If nausea and vomiting persist, combine pyridoxine 25 mg PO every eight hours with doxylamine succinate 12.5 mg. Both drugs work better together than they do separately.
With refractory vomiting, 350 mg PO TID of ginger pills may be given.

Antihistamines like dimenhydrinate, meclizine, and diphenhydramine are on the second line. It is best to stop using doxylamine-pyridoxine before beginning a new antihistamine.
Promethazine 12.5 mg PO or rectally, Metoclopramide 10 mg PO every eight hours, and Ondansetron 4 to 8 mg PO or IV every eight hours


Referral: Inpatient management is necessary for IV fluids and antiemetics when symptoms are resistant to outpatient treatment.
Referral to gastroenterology or surgery if an other diagnosis is more consistent with the cause of the nausea and vomiting.

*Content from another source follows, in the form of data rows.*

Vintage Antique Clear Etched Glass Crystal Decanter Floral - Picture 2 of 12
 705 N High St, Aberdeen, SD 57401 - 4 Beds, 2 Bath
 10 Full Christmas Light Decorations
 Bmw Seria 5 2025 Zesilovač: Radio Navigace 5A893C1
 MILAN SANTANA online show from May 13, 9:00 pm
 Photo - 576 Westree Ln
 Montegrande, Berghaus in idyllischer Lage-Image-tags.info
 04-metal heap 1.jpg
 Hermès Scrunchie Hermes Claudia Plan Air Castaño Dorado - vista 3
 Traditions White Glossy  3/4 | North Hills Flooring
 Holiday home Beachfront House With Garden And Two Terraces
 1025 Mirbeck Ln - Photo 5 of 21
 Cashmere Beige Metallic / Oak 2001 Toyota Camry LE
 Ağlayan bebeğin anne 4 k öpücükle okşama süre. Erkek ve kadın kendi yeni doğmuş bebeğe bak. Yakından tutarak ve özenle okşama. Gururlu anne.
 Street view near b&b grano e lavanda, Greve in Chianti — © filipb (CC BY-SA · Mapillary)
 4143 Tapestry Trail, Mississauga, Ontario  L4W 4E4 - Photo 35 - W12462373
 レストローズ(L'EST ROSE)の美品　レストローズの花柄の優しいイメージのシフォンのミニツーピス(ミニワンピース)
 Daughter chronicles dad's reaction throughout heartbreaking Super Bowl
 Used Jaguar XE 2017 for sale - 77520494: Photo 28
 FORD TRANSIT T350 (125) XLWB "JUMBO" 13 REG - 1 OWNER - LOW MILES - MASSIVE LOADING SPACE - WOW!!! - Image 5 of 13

 If a referral to psychiatry or psychology is necessary, they may also take that into consideration.

Further Therapies 
Although their effectiveness is debatable, glucocorticoids (methylprednisolone 16 mg IV every eight hours for 48 to 72 hours) can be explored in severe and resistant instances.
Cimetidine and ranitidine as an additional therapy to lessen heartburn and acid reflux

Surgical Techniques 

Rarely, tube feeding or parenteral nourishment is used if all pharmacologic and nonpharmacologic therapies fail and weight loss persists. Parenteral feeding is recommended over enteral nutrition, which can reduce nausea and vomiting. Enteral nutrition can be administered via the gastric or duodenal routes.

Healthcare Alternatives 

Acupressure and acupuncture have conflicting results, although ginger 350 mg PO every six hours may be helpful.
In cases of severe hyperemesis, acupressure bands at the Neiguan point are a successful adjuvant therapy.
Medical hypnosis might be a useful addition to the standard course of medical treatment, but further research is required.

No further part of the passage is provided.